Y está también la necesidad de proteger al personal norteamericano en Bagdad, que a estas alturas es casi todo lo que empieza a quedar de lo que una vez fue Irak.
Nada de todo esto contradice la gran estrategia de Obama, basada en la convicción de que Estados Unidos debe olvidar cualquier aspiración a imponer cambios a la fuerza y sin contar desde el principio con los propios protagonistas. No hay, como ha dicho Obama, una solución norteamericana militar a los problemas de Oriente Medio. Es seguro que en la decisión de marcharse de Irak pesaron muchas consideraciones, pero también está entre ellas la seguridad de que la presencia de Estados Unidos en el país no iba a solucionar nada, y tal vez empeoraría las cosas. Por eso la decisión de volver a intervenir ha debido de ser extremadamente difícil.
Dos experiencias recientes habrán corroborado a Obama en su análisis previo. La primera es la relación que ha establecido el Gobierno israelí con el del general al Sisi en Egipto. Un reportaje publicado hace pocos días revelaba hasta qué punto los norteamericanos se han sentido cortocircuitados por unos interlocutores que no los tuvieron en cuenta… hasta que llegó la guerra en Gaza. La otra es lo ocurrido tras la intervención en Libia, cuando Estados Unidos, después de apoyar a las fuerzas europeas, se retiró, pensando que eran estas, es decir los europeos vecinos, los que tendrían algún interés en normalizar la situación. Como bien sabemos, no ha ocurrido así. Una forma de interpretar la política exterior norteamericana en el Gran Oriente Medio es comprender hasta qué punto Obama está pidiendo a los protagonistas y a quienes tienen intereses en la zona que asuman sus propias responsabilidades.

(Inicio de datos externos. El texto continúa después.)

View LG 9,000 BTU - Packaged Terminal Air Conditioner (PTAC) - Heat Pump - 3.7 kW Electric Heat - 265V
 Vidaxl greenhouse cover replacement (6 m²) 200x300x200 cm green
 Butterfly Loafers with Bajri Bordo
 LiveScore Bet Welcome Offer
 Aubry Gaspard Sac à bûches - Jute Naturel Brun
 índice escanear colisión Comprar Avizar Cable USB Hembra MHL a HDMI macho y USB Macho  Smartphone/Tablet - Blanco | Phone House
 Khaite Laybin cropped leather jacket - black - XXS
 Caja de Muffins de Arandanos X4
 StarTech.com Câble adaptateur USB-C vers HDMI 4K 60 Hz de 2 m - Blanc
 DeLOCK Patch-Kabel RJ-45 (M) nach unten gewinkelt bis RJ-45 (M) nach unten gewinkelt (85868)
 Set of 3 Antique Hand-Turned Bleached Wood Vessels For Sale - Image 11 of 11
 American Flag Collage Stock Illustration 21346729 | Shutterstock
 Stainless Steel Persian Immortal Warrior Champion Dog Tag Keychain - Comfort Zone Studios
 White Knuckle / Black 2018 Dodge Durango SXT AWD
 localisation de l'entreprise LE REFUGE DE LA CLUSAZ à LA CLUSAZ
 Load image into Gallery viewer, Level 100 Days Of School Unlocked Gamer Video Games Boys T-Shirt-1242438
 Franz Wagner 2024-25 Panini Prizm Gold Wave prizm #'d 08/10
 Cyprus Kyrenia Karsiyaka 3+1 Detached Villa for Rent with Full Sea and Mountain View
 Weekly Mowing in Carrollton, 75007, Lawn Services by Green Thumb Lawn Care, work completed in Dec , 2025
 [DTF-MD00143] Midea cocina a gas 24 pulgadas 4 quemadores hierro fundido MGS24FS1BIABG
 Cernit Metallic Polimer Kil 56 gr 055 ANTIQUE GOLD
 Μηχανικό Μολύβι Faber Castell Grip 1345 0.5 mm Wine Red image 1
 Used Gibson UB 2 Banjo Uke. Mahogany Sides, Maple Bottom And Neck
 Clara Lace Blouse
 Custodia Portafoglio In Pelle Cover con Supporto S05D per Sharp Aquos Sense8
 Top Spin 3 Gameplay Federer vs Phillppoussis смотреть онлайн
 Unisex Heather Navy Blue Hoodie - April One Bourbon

Cuando a alguien le parezca que le hierve la sangre ante las atrocidades que se están cometiendo y sienta la tentación de pedir que intervenga la "comunidad internacional" o "Estados Unidos" –que viene a ser o mismo–, no estaría mal que sustituyera últimas palabras por otras: "Ejército español", por ejemplo; o chileno, o brasileño, o francés, según corresponda. (Tampoco estará de más recordar los 6.717 soldados norteamericanos muertos en Irak y en Afganistán).